Des Wahnsinns fette Beute

Das Remake orientiert sich inhaltlich nahe am Original, tauscht dabei aber zahlreiche Charaktere aus, angefangen beim Protagonisten. Der heißt nun nicht mehr Samuel Gordon sondern David und ist im Vergleich zum Vorbild auch nicht mehr der gänzlich verschlossene Unsympath von einst. Auch sagen wir dem England der Achtziger Lebewohl und besuchen stattdessen Schottland im Jahr 1930. Nach einer langen Zeit in Indien kehrt er in die Abgeschiedenheit der Highlands zurück, wo die letzten Nachkommen seiner Sippe das Schloss Black Mirror bewohnen.
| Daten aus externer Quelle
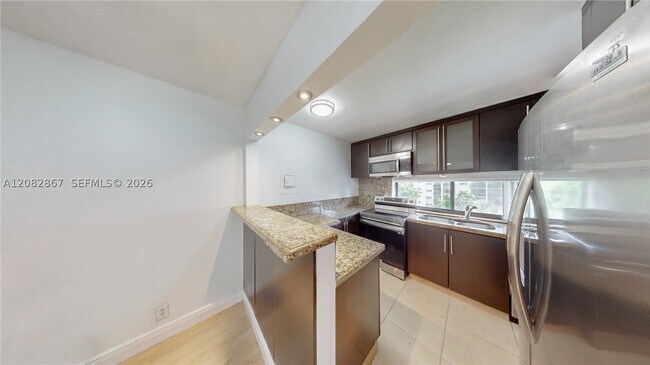 Photo - 17011 N Bay Rd Unit 516
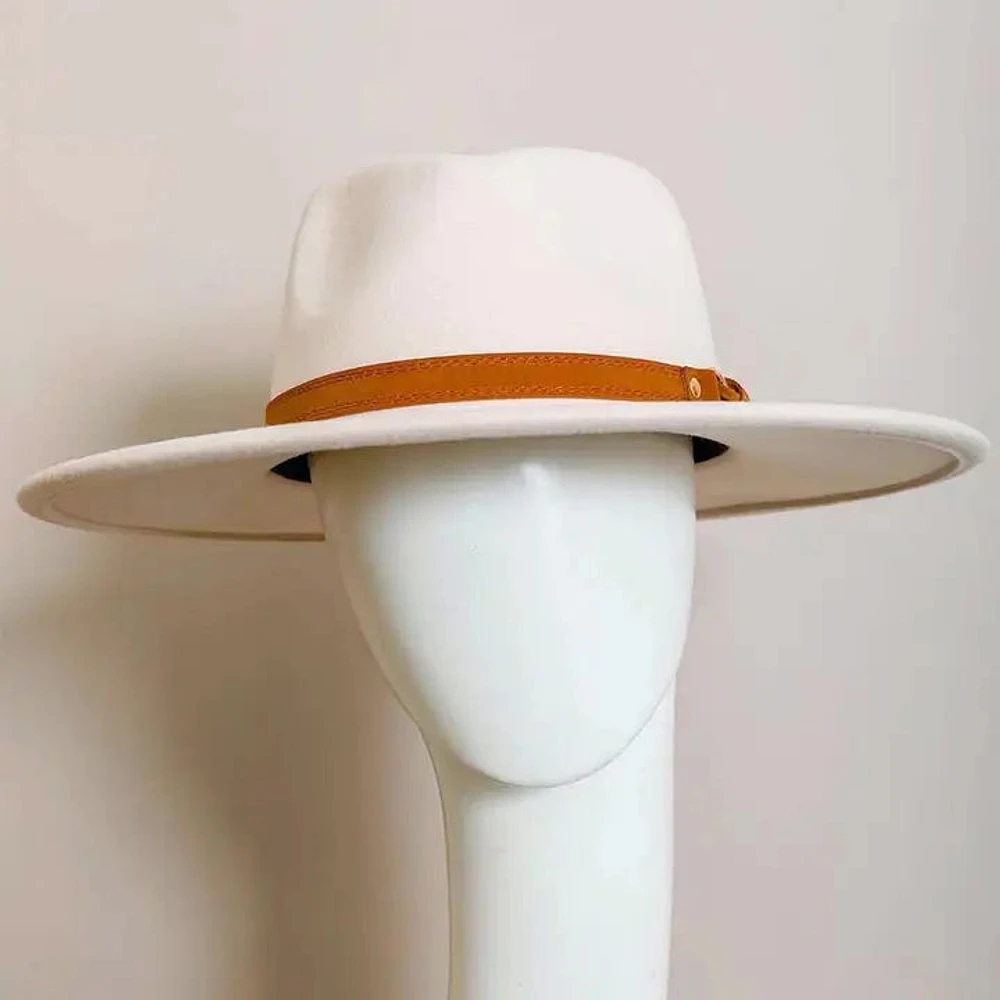 Chic Flat Brim Buckle Hat Ecru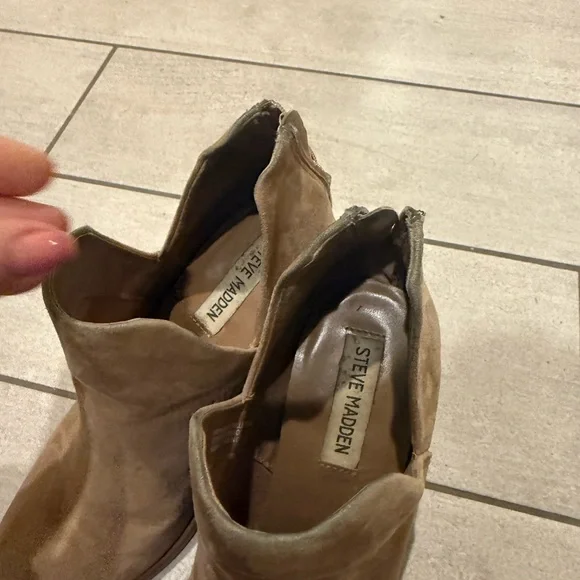 Steve Madden Brown Ankle Booties - Picture 6 of 9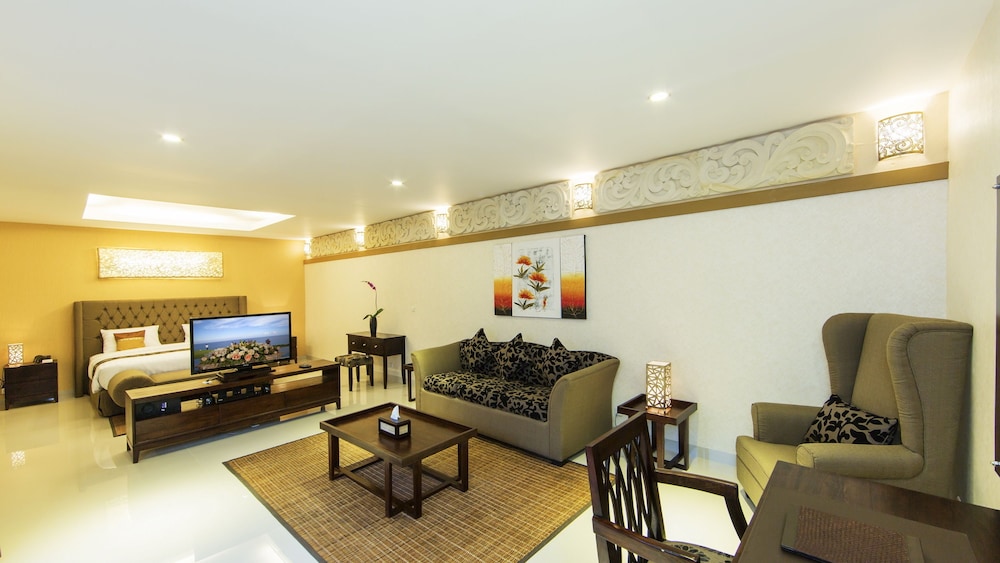 Flamingo Dewata Suite 68/87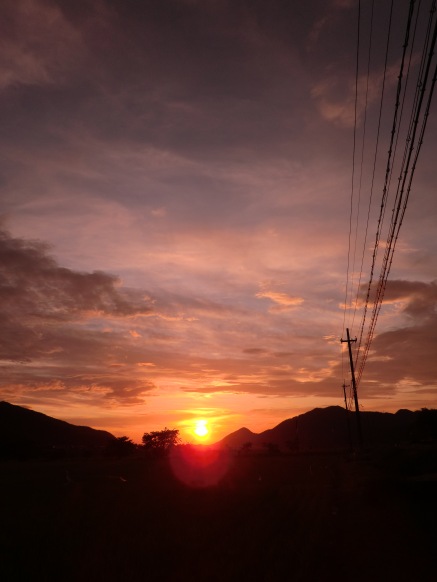 暑さが残って･･夕日を見送る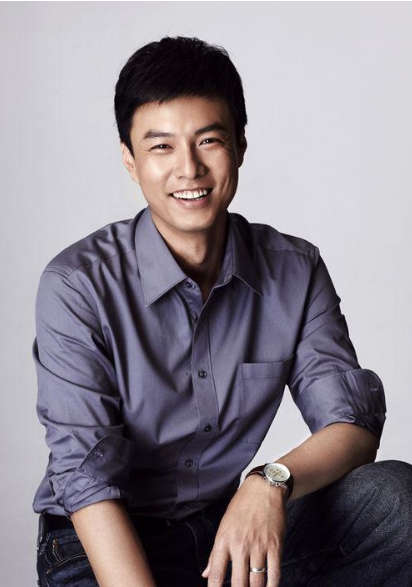 回顾正阳门下女主角害人不浅61岁男配却成顶流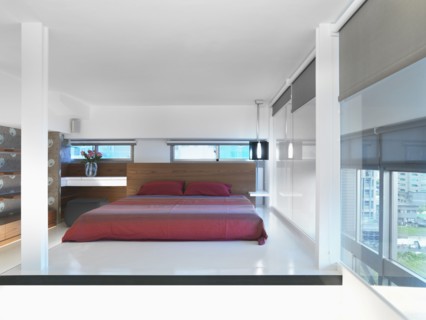 Modern Bedroom with platform bed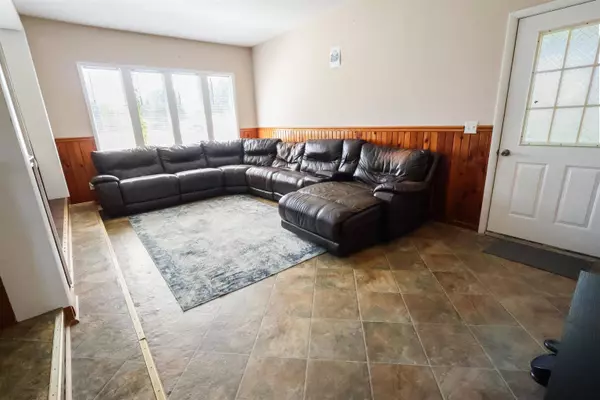 12708 NW Pea Ridge Road, Bristol, FL 32321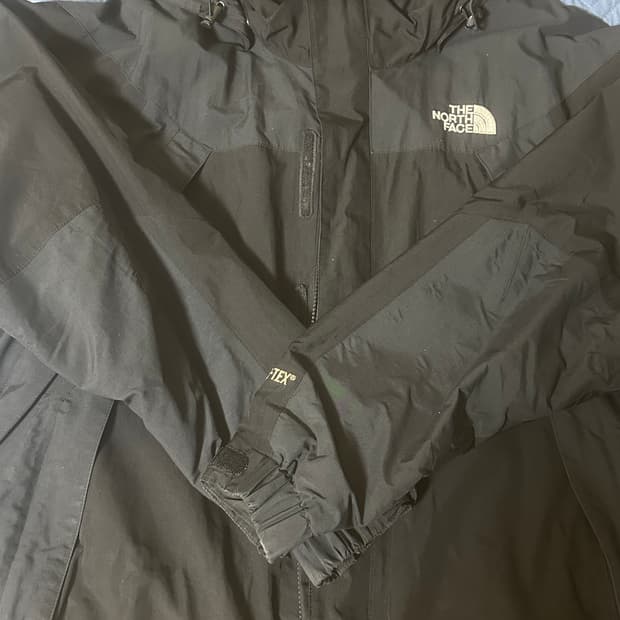 노스페이스 고어텍스 95사이즈 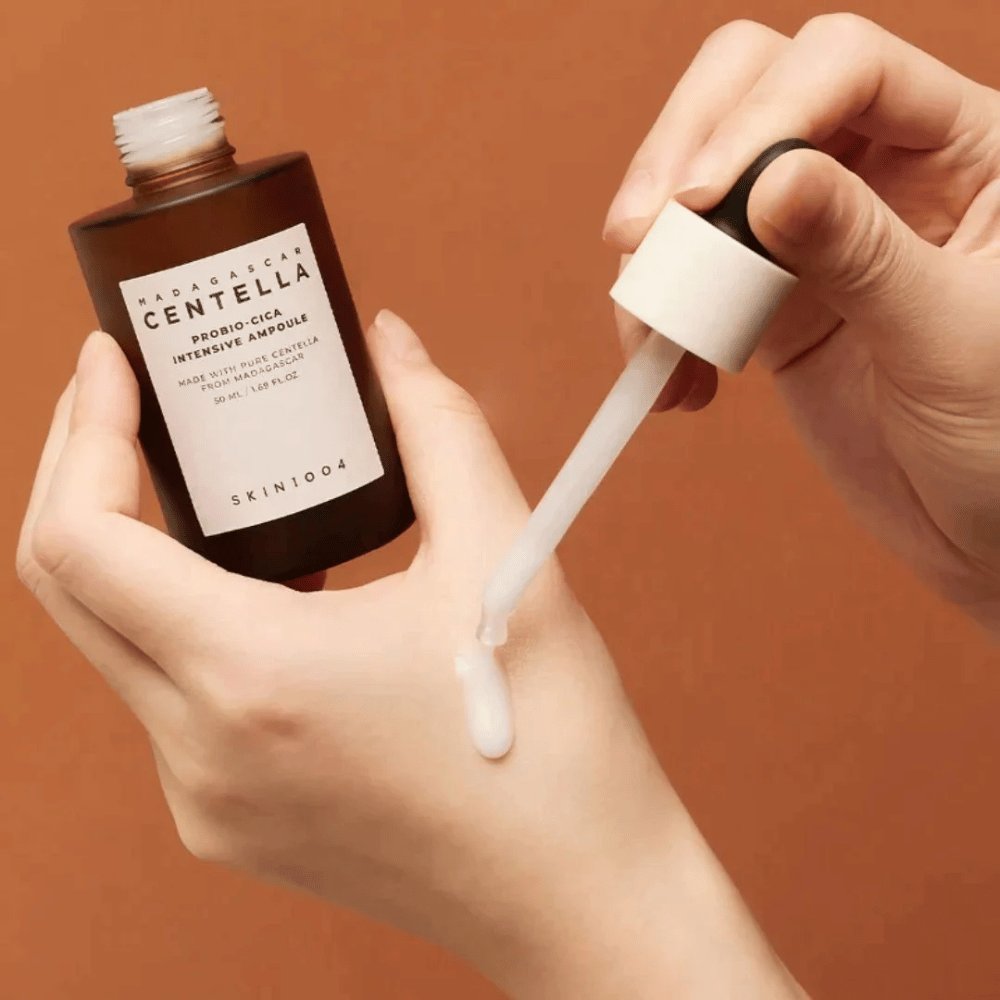 Hender som bruker dråpeteller for å dosere "Madagascar Centella Probio-Cica Intensive Ampoule" fra SKIN1004.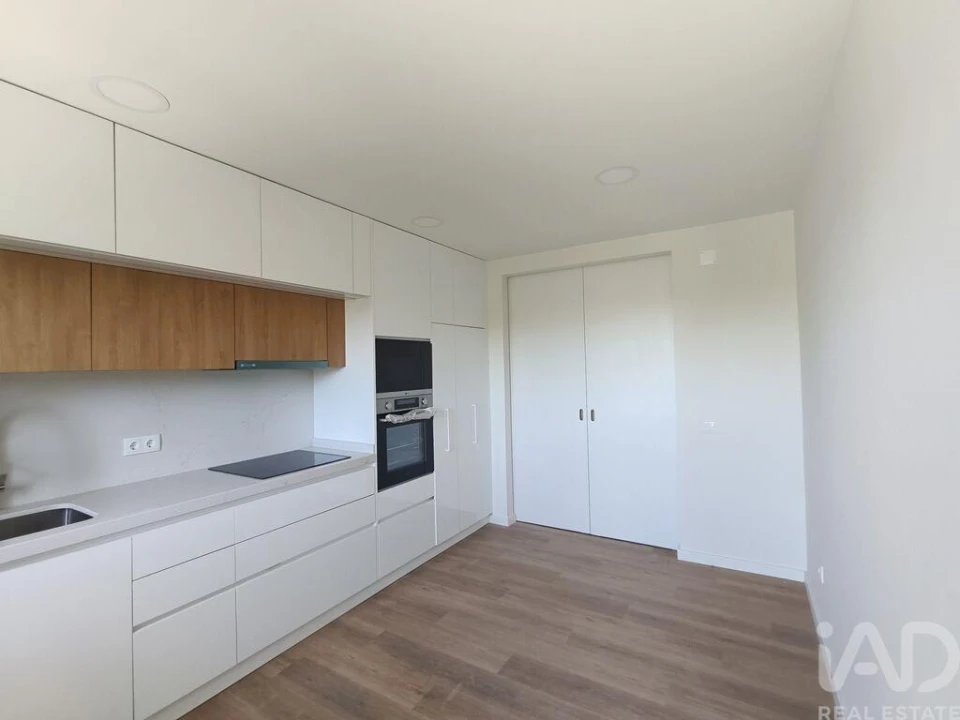 Apartamento T3 para Venda em Romeira e Várzea Foto 2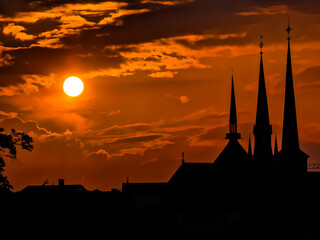 Fototapeta premium church at sunset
Sein Vater ist vor kurzem gestorben und hat dem Sohnemann ein paar kryptische Hinweise vermacht. Angeblich liegt ein uralter Fluch auf der Familie Gordon und dem Schloss selbst. Diesen Hinweisen nachzugehen scheint zu Beginn jedoch gar nicht so einfach zu sein. Die greise Tante, eine waschechte Lady, scheint wesentlich mehr zu wissen, als sie zu Beginn preisgeben will. Der alte Herr sei einfach dem Wahnsinn verfallen, das sei auch schon alles. Aber stimmt das wirklich? Das Dienstmädchen scheint verängstigt zu sein, der fast blinde Gärtner will ebenfalls nicht auspacken. Und das sind nur wenige der illustren Charaktere, die sich rund um das Schloss tummeln.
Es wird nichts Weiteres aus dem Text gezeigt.